At a Council meeting last November the Coalition parties made much of the Mayor of London’s Outer London Regeneration Fund so it comes as some surprise to see that both of Brent Council’s bids have been denied. Brent’s Lead Member for Regeneration and Economic Development, Cllr George Crane has expressed his disbelief that the Mayor has chosen to ignore the needs of Outer London’s most diverse borough.
Brent put in a bid for 1.65 million to continue the successful work started in Willesden High Road in an earlier bid agreed last year. The bid would have helped transform Willesden Green High Road by renting some empty shop units on a long-term basis. These would be used by emerging businesses to help employment and skills of local people. The other part of the bid was to improve the area around the Willesden Green Library centre and make it a focal point to showcase local creative talent. (For more info on Willesden project see http://willesdenwindows.com )
The second bid was for 1.8 million for Ealing Road between Wembley Central and Alperton. The programme was designed to promote Ealing Road to deliver physical, economic social and cultural benefits to Ealing Road, Wembley and Brent.

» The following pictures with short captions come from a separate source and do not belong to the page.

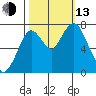 Dumbarton HW Bridge tide chart for Monday, October 13, 2025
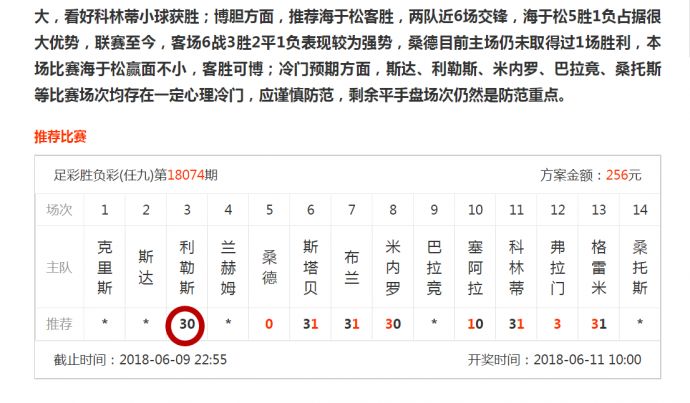 斗天半子足彩18075期胜负(512元、1024元、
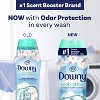 Downy In-Wash Laundry Scent Booster Beads, Cool Cotton, 13.4 oz - 4 of 4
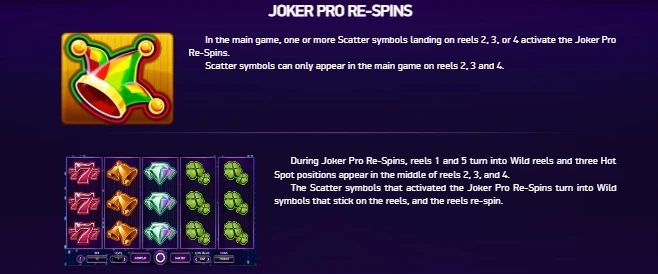 Joker Pro Slot re-spins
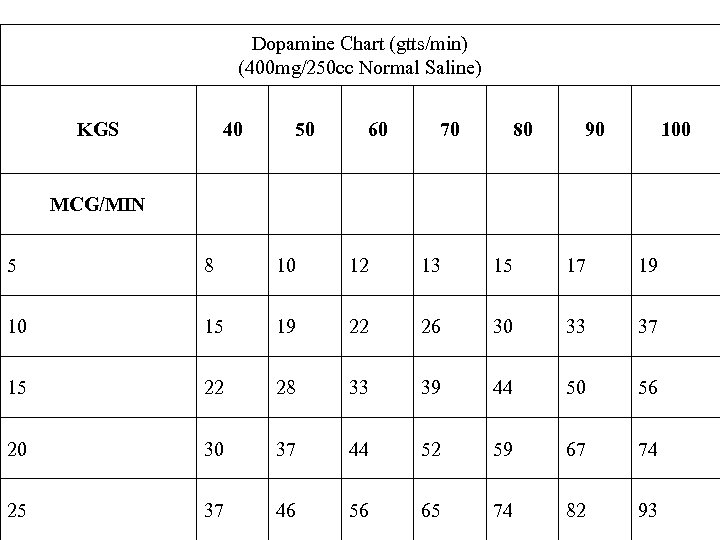 Dopamine Chart (gtts/min) (400 mg/250 cc Normal Saline) KGS 40 50 60 70 80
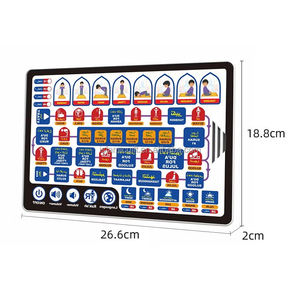 Alfombra Interactiva de Aprendizaje del Salat para Niños, Alfombra Educativa Islámica con Guía Luminosa en 7 Idiomas - Product Image 4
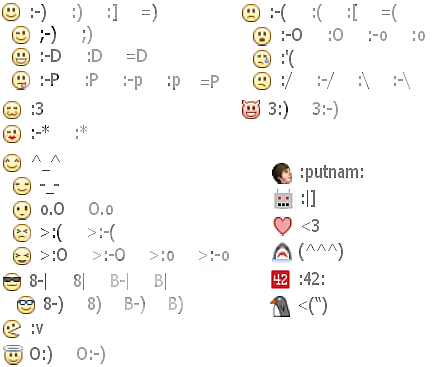 chat smiley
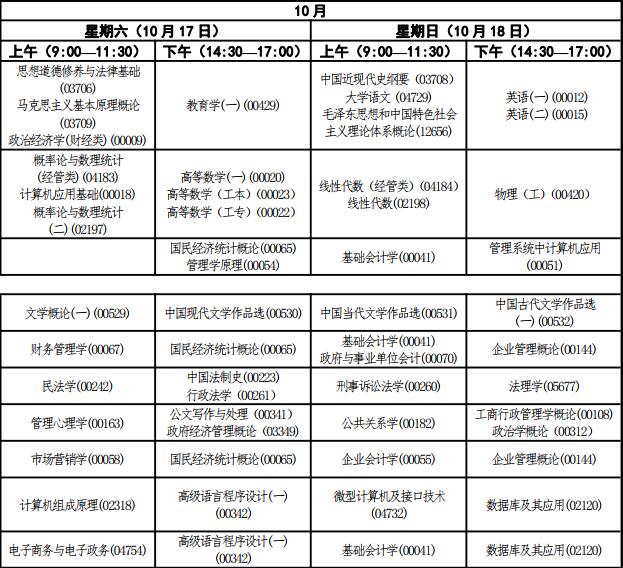 青海海东2020年10月自考考试时间安排：10月17日-10月18日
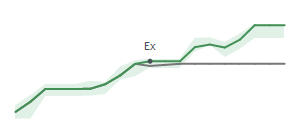 The two weeks surrounding ODC's 5/9/2025 ex-dividend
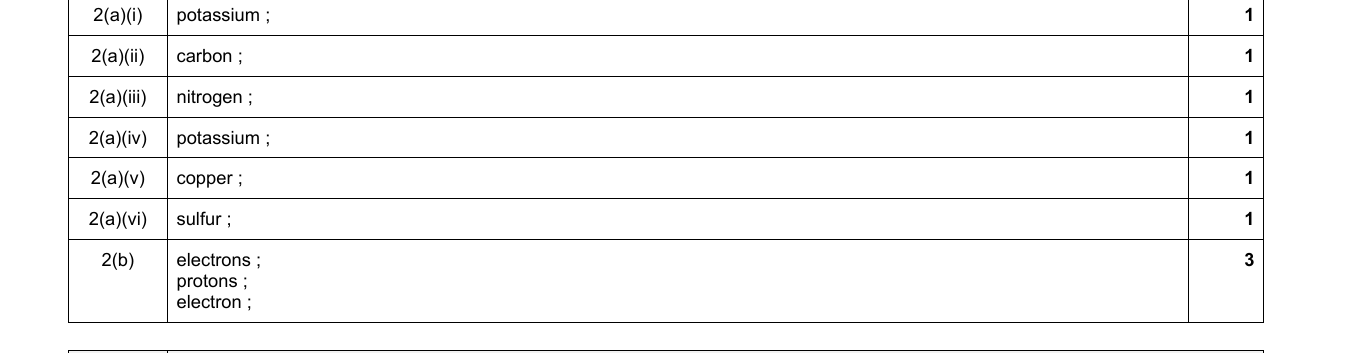 Mark scheme for IGCSE 0654 Jun 2024 Paper 32 Q2
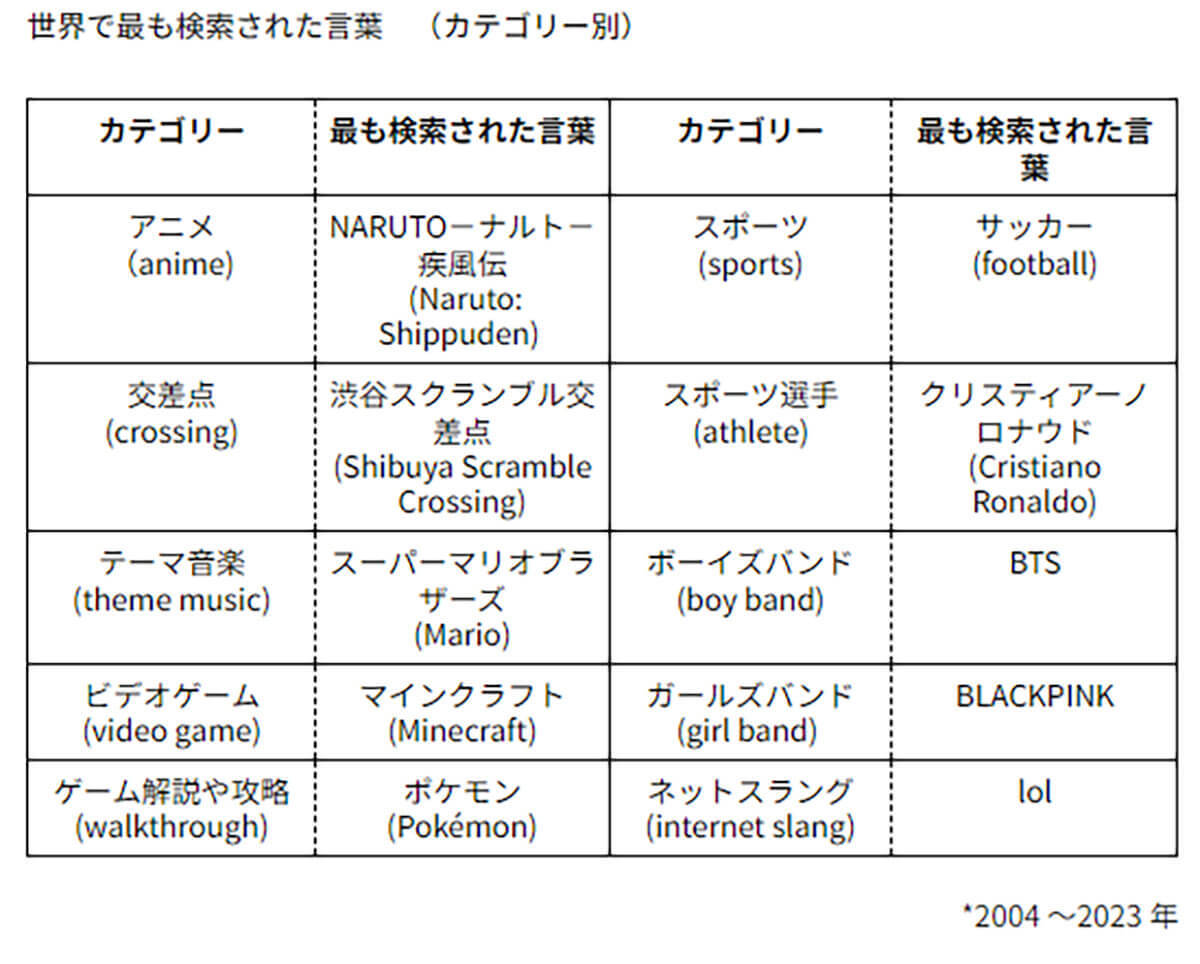 【Google検索】過去25年間で世界的に検索された言葉に「ポケモン」「NARUTO－ナルト－ 疾風伝」など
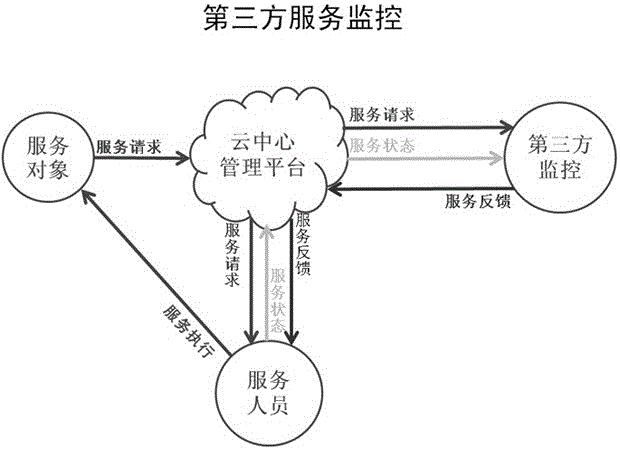 Household service process monitoring method based on mobile internet and household service process monitoring system based on mobile internet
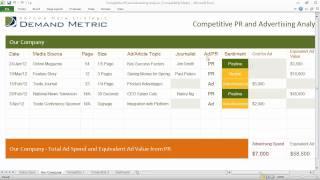 Competitive PR and Ad Analysis Template
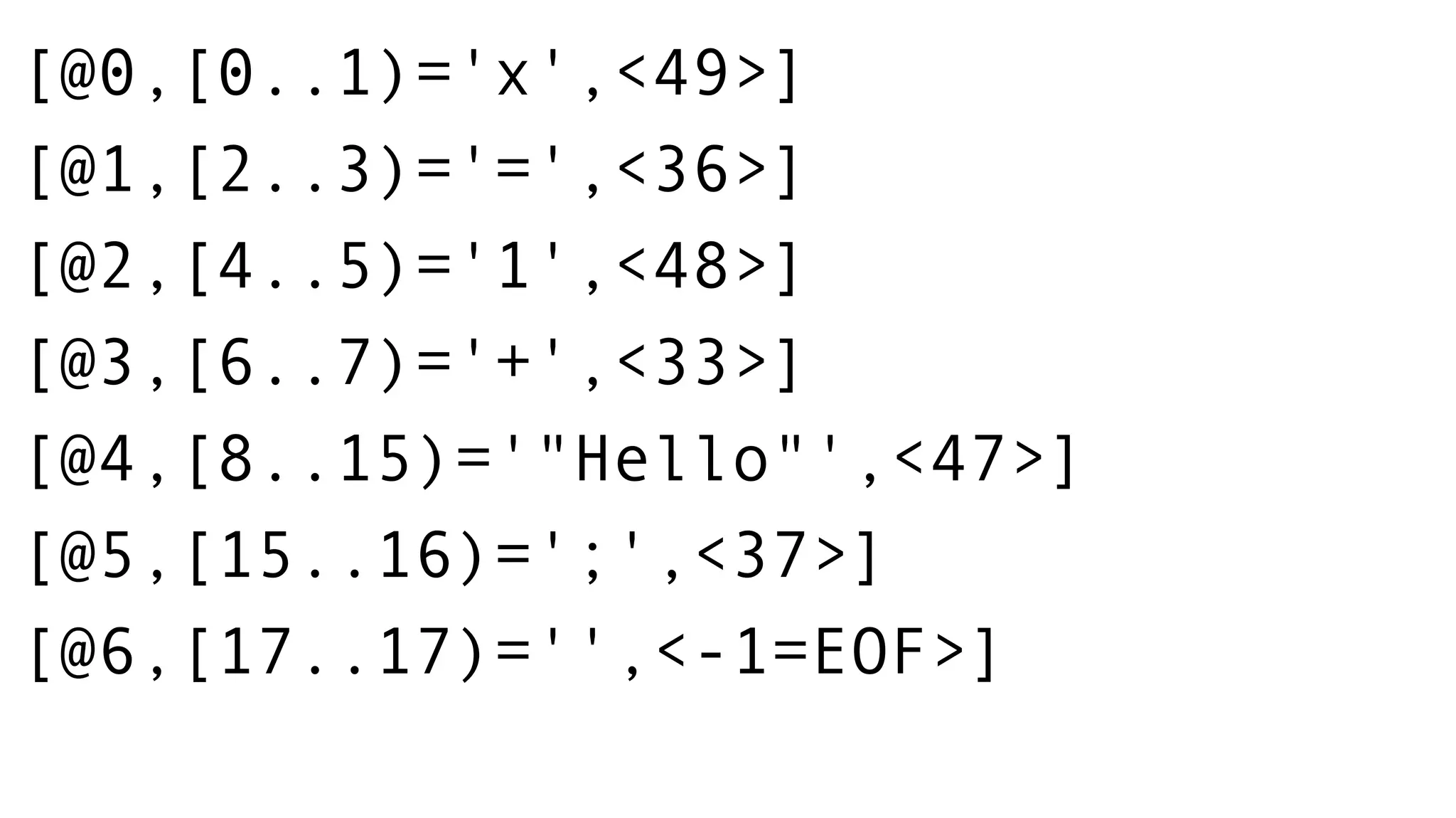 [@0,[0..1)='x',<49>]
[@1,[2..3)='=',<36>]
[@2,[4..5)='1',<48>]
[@3,[6..7)='+',<33>]
[@4,[8..15)='"Hello"',<47>]
[@5,[15..16)=';',<37>]
[@6,[17..17)='',<-1=EOF>]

Ealing Road is already attracting high visitor numbers from around London and beyond with its unique style of Indian shopping experience.
Cllr Crane said
”All our neighbouring Boroughs have received money and it is difficult to understand why Brent has been singled out to have both projects rejected..
I will be asking Navin Shah, Brent’s London Assembly Member to raise this with Mayor Johnson and ask him to reconsider both Brent’s bids.”